Interrogé en marge d’une rencontre avec les imams du Fouta Djallon, Elhadj Cellou Dalein Diallo a dit que même si le pouvoir refuse d’autoriser la marche, les opposants comptent exercer pleinement leur droit constitutionnel. « Nous n’avons pas obtenu l’autorisation. Vous savez que les manifestations sont pratiquement suspendues par le gouvernement qui a décidé, dit-il, de privilégier l’ordre à la loi. Je crois qu’il est dans cette posture ! Et, nous aussi, nous sommes dans la posture d’exercer notre droit constitutionnel d’organiser des manifestations pacifiques. Ils n’ont pas le droit de suspendre cette liberté fondamentale des citoyens et des associations », a rappelé le président de l’UFDG.

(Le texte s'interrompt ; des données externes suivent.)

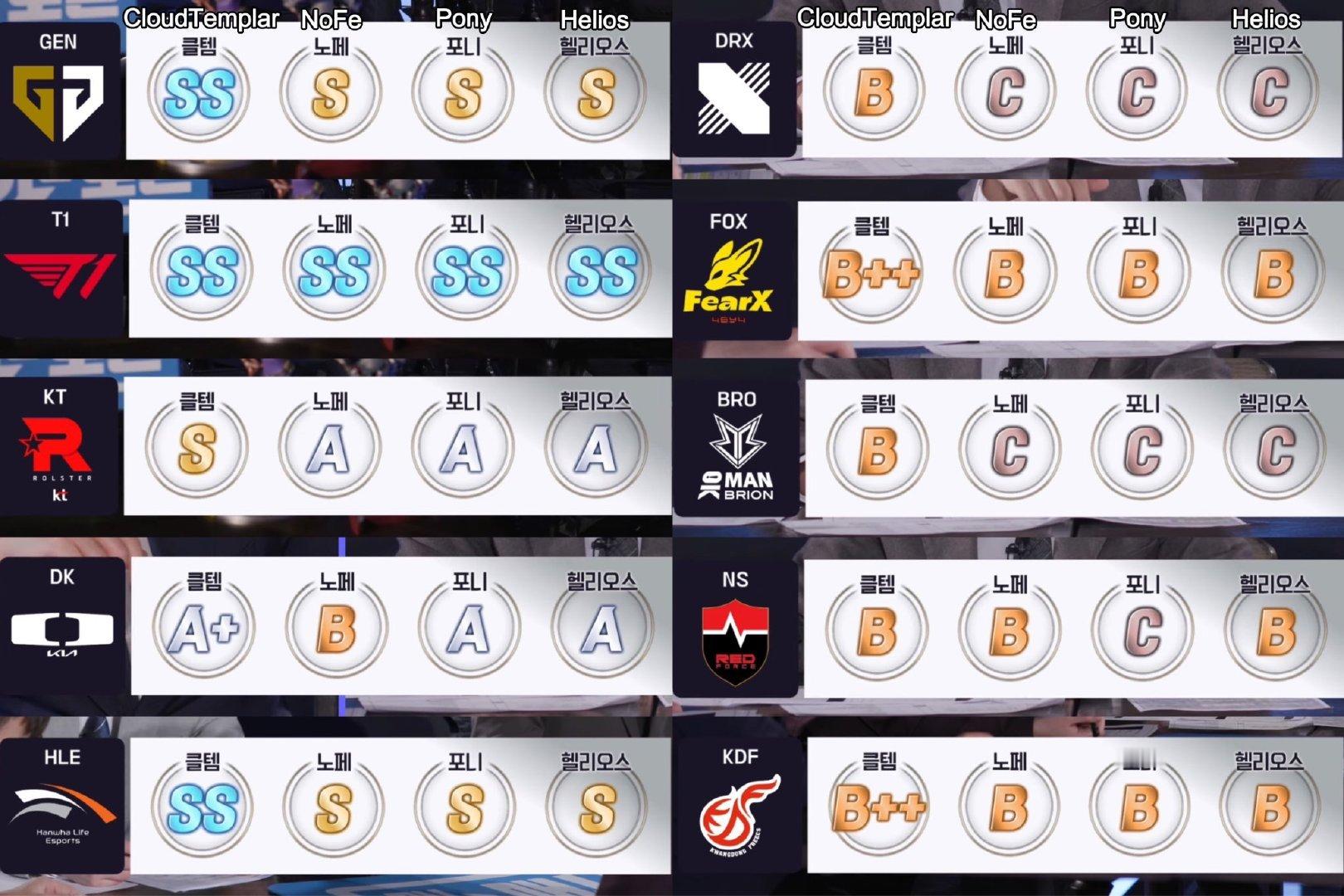 LCK各队评级T1四个SS级！ #英雄联盟##LCK# ​​​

Sur les risques liés à cette marche au cas où les autorités ne donneraient pas leur feu vert, le leader de l’opposition guinéenne a mis les forces de sécurité devant leurs responsabilités. « Nous ne souhaitons pas qu’il y ait des violences. J’ai échappé grâce à Dieu, le mardi passé ; mais, il y a eu un jeune de 18 ans qui a été abattu à bout portant par les forces de l’ordre. On souhaite que les forces de défense et de sécurité prennent conscience de leurs responsabilités d’assurer la sécurité les citoyens », a demandé Cellou Dalein Diallo.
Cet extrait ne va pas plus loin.